In an earlier podcast, I spoke on the topic of Preparing Your Business for Sale through a Quality of Earnings. In this article, I wanted to expand on this topic through telling some stories of Quality of Earnings (QoE) to marketing service offering that I’ve provided to my clients as well as the lessons learned from each.
Don’t forget tax consulting and due diligence
I had a 74-year-old client who owned a container distribution business. While all his children were very successful, none were interested in the company. Having performed a sell-side QoE for our client, we took his company to market and ended up having a handful of strongly interested parties. Ultimately, our client signed the LOI for a purchase price nearing a two-digit multiple and was going to be very happy once the deal closed at that transaction value.
During the buy-side due diligence process, the buyer negotiated heavily to discount the purchase price by $2 million due to a subjective item in the EBITDA calculation. Our client was not happy and contemplated walking out of the deal. Because our process included a tax consulting component, we could advise both parties on a highly beneficial structure to our seller client, prompting him to come back to the negotiating table. At the end of the day, because our tax consulting process involves providing an after-tax estimate of purchase price as well as considering various structuring options, the deal got closed and our client was able to retire happily, knowing that he had turned over every stone.
Personal goals matter
One of my earliest deals was with a seller of an environmental consulting company. He asked me for a QoE after receiving a term sheet and wanted my opinion of the proposed deal. After I completed the QoE for him, he asked me to run a process to determine if any other strategic buyers were interested in acquiring his company. Ultimately, we reviewed two offers.
I understood my client had two main goals: 1. To be able to move away from the sweltering Houston heat, where he performs most of his work, to cool and dry Montana and 2. To respect and enjoy the relationship with the buyer because he would continue to be employed by the new buyer.

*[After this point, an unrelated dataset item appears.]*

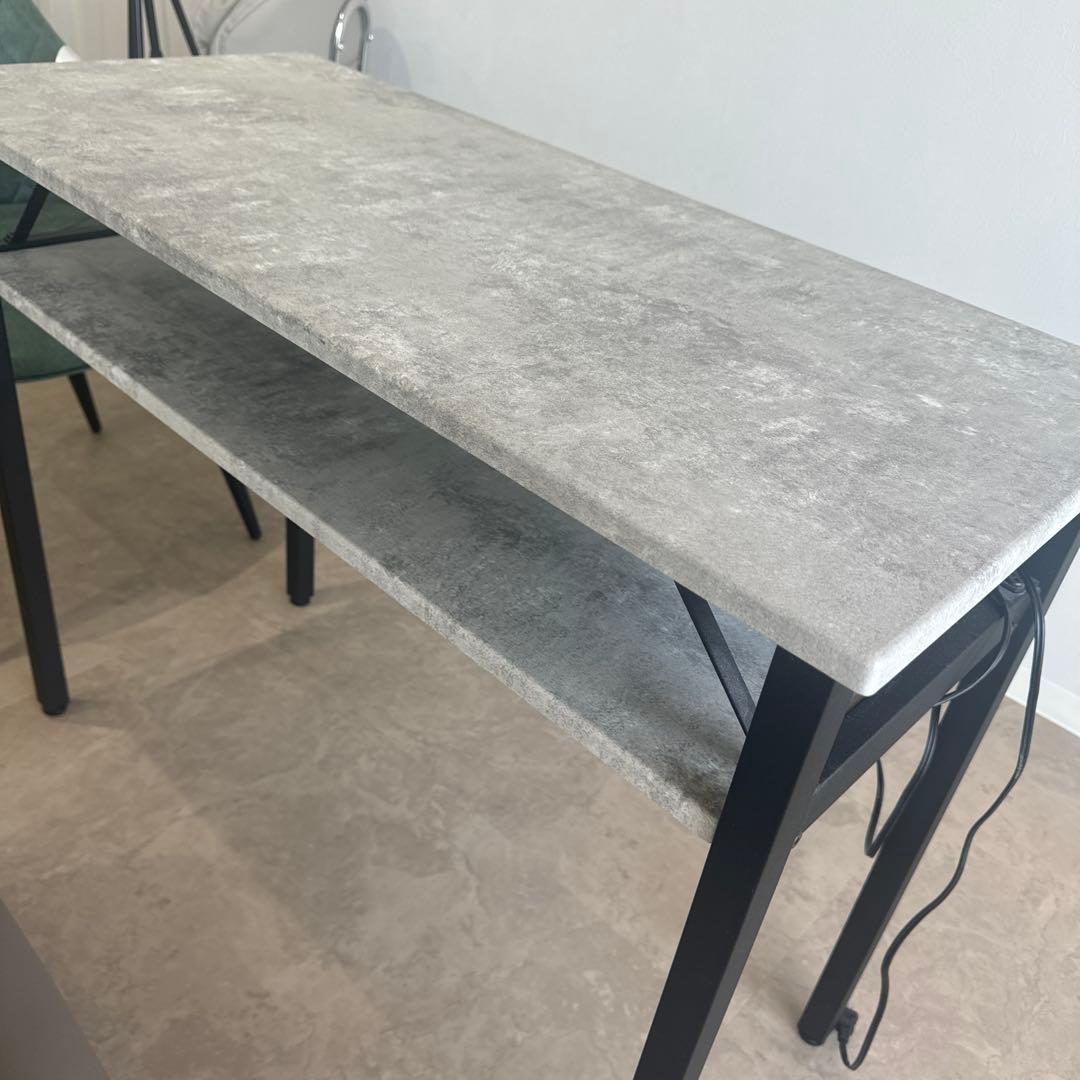 TAT ネイルテーブル　グレー合成石モダンテーブル 2段棚付き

It turned out the original offer my client received before he contacted me to perform the QoE and start the sell-side process was the higher of the two offers. Yet, he still decided to accept the second offer which was quite a bit lower. This was because the second offer achieved his two personal goals, and he was happy with it.

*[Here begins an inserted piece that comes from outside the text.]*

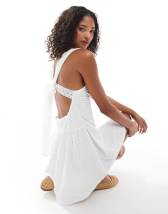 ASOS DESIGN broderie square neck waisted maxi dress in white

One of the common questions I ask business owners when preparing to exit is: what would you do with more time, energy and capital? I am delighted and curious to hear the answers because that helps me understand where the business owner is at with their personal goals and visions, and then I can better understand how I can help them meet these goals. Under this example, I was very glad I asked my client these questions!
The Quality of Earnings report may lead you to continue running your business
A couple of years ago, I had a business owner come to me with a very, very unique business. They are the only people who do what they can do and because of their specialized skillset, they are in high demand. The owner came to me asking for a QoE because he and his wife were in the process of deciding whether they wanted to sell the business or keep running it.

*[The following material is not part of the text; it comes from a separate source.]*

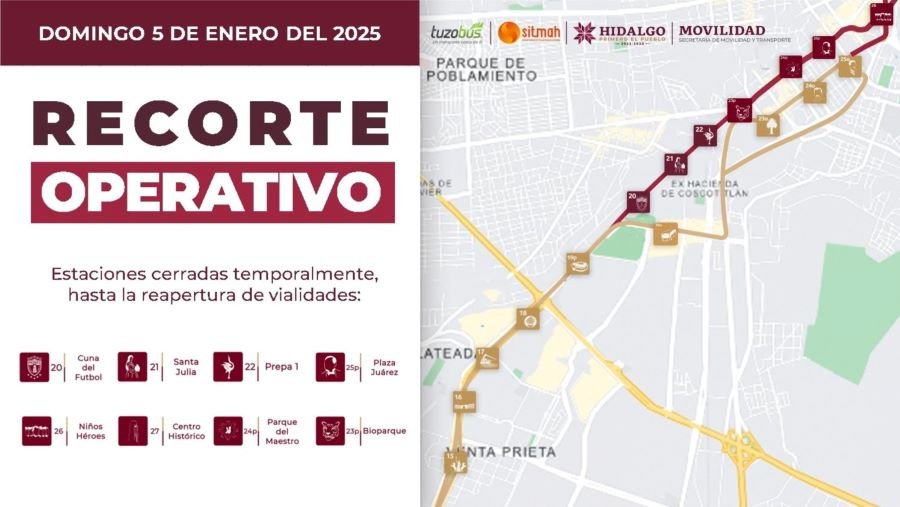 Recorte Operativo del Tuzobús Para el 5 de Enero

After completing the QoE report for him and running some cash flow modeling, the business owner could see, based on his backlog and projects, how much he would be cash flowing versus if he were to cash out today. It turned out that he was very happy with his cash flow projection and, depending on the result of the QoE, he would make a sell or hold decision.
He ended up holding and is still enjoying the results of that decision today. So, I would say not every QoE I’ve done resulted in a deal for the seller. I believe in empowering the business owner to do what makes most sense for them and using the QoE as a tool to make that decision.
Engage in a QoE advisor to accurately calculate EBITDA
Recently, I performed a buy-side QoE on a business that, according to the seller, had $2 million of non-qualified “addbacks” that were actually transactions on the balance sheet. Balance sheet “addbacks” are not acceptable, because an addback to EBITDA applies only to discretionary and non-recurring expenses. Unfortunately, this seller did not have a QoE done on his side before the buyer requested me to perform the buy-side QoE. I have seen business owners who, due to this error, have been very disappointed in their resulting valuations because they thought the EBITDA was much higher than the reality.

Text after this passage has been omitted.